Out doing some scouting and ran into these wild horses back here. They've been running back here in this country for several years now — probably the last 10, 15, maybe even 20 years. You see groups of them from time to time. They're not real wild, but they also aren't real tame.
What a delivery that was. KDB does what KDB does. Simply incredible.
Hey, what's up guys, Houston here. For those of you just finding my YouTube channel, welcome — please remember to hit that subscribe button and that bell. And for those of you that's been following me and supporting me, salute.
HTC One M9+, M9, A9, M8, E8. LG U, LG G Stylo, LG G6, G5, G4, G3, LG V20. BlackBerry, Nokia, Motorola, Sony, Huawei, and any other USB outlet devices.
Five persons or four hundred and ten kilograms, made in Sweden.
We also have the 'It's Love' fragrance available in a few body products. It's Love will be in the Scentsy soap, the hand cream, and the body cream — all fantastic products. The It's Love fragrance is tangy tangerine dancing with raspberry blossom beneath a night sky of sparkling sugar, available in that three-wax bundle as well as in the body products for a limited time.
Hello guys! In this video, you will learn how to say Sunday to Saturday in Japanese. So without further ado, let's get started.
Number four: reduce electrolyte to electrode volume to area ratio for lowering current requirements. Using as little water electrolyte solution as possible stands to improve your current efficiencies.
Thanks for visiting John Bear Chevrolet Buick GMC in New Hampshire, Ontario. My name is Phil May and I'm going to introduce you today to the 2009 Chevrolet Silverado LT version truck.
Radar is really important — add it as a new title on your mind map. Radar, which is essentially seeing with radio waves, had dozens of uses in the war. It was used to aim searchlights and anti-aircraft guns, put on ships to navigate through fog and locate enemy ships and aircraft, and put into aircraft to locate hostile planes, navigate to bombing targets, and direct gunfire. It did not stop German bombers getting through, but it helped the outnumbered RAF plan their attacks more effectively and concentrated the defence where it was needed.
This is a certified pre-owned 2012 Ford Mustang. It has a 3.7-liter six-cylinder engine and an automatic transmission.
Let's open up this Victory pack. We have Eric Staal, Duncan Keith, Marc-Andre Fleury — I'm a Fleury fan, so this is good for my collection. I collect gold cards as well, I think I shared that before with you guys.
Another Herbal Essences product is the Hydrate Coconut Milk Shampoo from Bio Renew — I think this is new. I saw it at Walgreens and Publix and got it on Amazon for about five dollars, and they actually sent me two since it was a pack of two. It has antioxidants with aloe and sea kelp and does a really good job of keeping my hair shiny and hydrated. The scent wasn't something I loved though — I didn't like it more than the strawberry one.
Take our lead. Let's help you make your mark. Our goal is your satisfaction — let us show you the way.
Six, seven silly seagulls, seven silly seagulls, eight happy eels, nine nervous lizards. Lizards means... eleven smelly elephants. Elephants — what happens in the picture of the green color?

- [Work instructions]: Answer with a number alone: how many lines of the records contain the string "four"?

- [Completed exercise]: 2